What is needed ▸ Repeat every line of the data exactly; the pictures stay out.

::: Supplied material

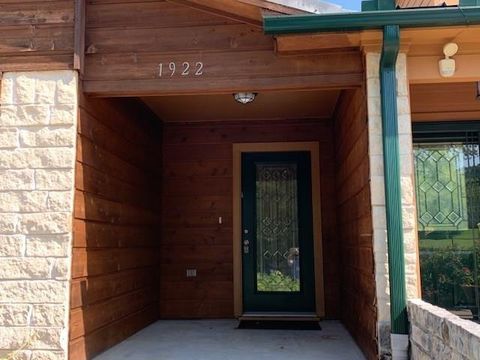 Photo of 1922 20th Street, Huntsville, TX 77340 (MLS # 27097423)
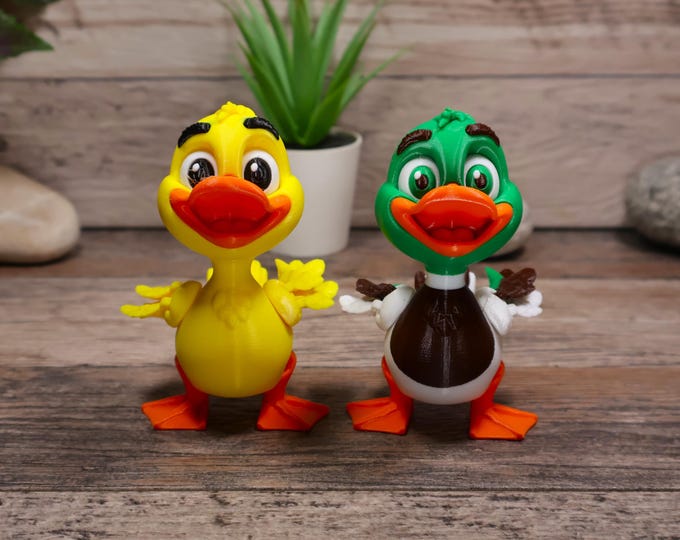 3D Printed Duck & Mallard Figurines: Whimsical Desk Decor Set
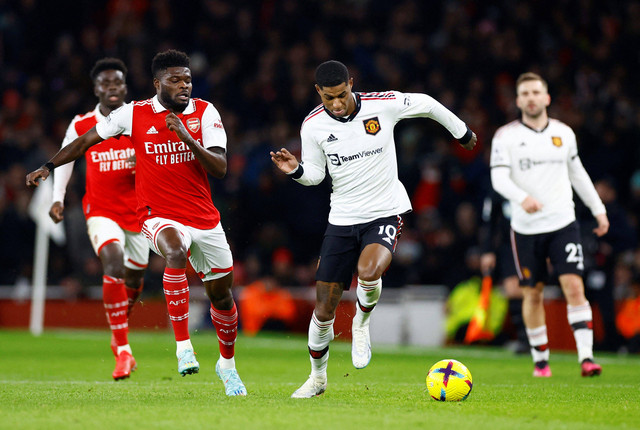 Thomas Partey dari Arsenal beraksi dengan Marcus Rashford dari Manchester United saat pertandingan melawan Manchester United di Stadion Emirates, London, Inggris. Foto: Peter Cziborra/Reuters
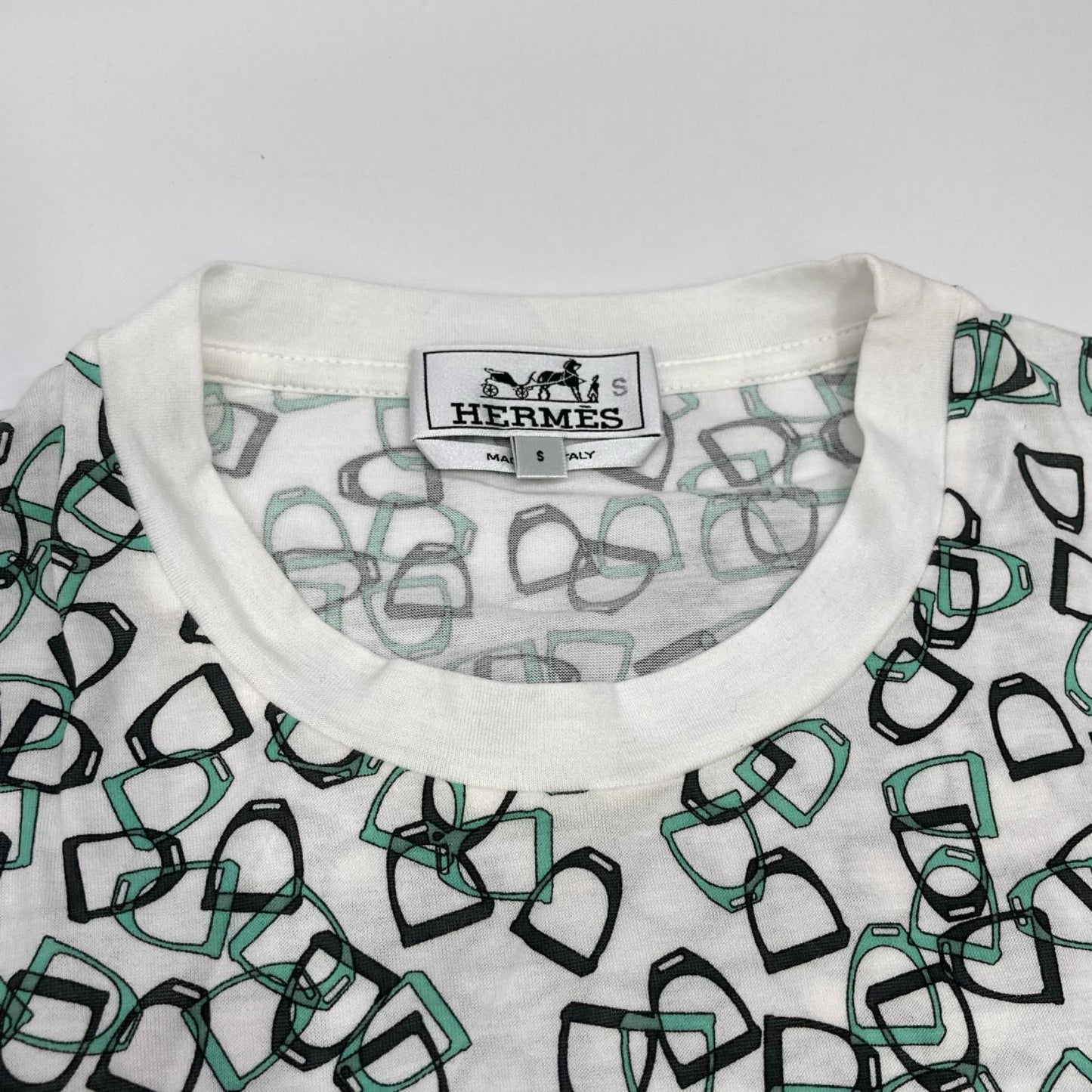 HERMES エルメス グリーン刺繍デザイン ソルド品 半袖Tシャツ トップス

::::::

Completed exercise ▸
 Photo of 1922 20th Street, Huntsville, TX 77340 (MLS # 27097423)
 3D Printed Duck & Mallard Figurines: Whimsical Desk Decor Set
 Thomas Partey dari Arsenal beraksi dengan Marcus Rashford dari Manchester United saat pertandingan melawan Manchester United di Stadion Emirates, London, Inggris. Foto: Peter Cziborra/Reuters
 HERMES エルメス グリーン刺繍デザイン ソルド品 半袖Tシャツ トップス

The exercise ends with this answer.